また、「この映画は完全な自主映画です。自己資金で作りました。当然配給のことも考えず、自分たちのやりたいことをやろうと思って作りました。これから自分たちで宣伝して、どこかで良い形で上映できれば、と思っています。出演者とスタッフに感謝します。出演者の方々の演技はとてもレベルが高いもので、これから活躍してほしい皆さんです」と語った。


続いて行われた質疑応答では、「この2作品を推した審査員に、選考理由を訊きたい」との質問が上がった。
グレゴール審査委員長は最優秀作品賞について、「『ふゆの獣』はカメラワークが素晴らしく、機動性が際立っていた。そのスタイルと映画的言語が一致した希有な作品」であると説明。『独身男』についてはアピチャッポン監督が、「この映画には発見の喜びがあり、私たちをどこに導いてくれるのだろうかと、いう思いで見ていました。被写体や主題に対する映画作家の情熱が溢れていて、監督が楽しんで作っていることが伝わってきました。
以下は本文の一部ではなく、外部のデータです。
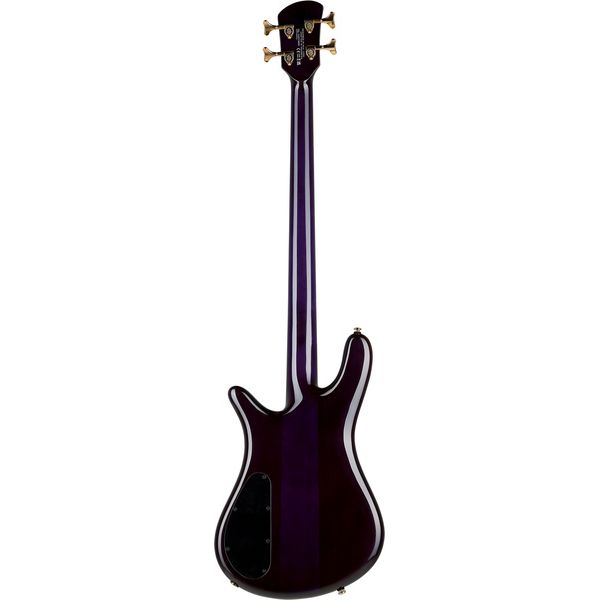 Spector Icon NS-2 NT Purple Cherry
私は映画において、コラボレーションということを重要視します。これはプロの俳優ではない人々とのコラボレーションで作り上げた映画で、その意味でとても珍しい作品」と語り、「ハオ監督の次回作が楽しみです」と期待を滲ませた。


内田監督には「制作にこぎつけた経緯、役者集めはどのような方法で行ったのか」という質問が飛んだ。『ふゆの獣』では予算が非常に限られていたため、無料で出てくれる出演者をMixiで募ったという。そうして集められた俳優たちに求められたのは、なんと即興の演技。「用意した脚本はあったのですが、役者さんたちには「それは忘れてください」と言いました。プロットのアウトラインだけ決めて、カメラも即興で動かした」という。制作資金はトータルで110万円ほど、と監督から明かされると、審査員席から驚きの声が漏れた。


今年の作品の特徴・傾向を問う声にグレゴール審査委員長は「ひとつの傾向というものはない」とした上で「いくつかのコンセプトが発見できました。映画の構造にコンセプトが移し替えられ、その過程で新しい映画的言語が作られていく、という試みが見られました。それが必ずしも成功していたというわけではありませんが、既存の語り方を乗り越えていこうという意欲が見られたこと、それが重要なのです。新しいものへの希求、これは東京フィルメックスの第一回目からある傾向だと言えるでしょう」と語った。


最後に白鳥さんが「作品は非常に多様で審査は非常に悩んだが、受賞結果は「映画の未来へ」という東京フィルメックスの理念にふさわしいものになったと思います」と会見を締めくくった。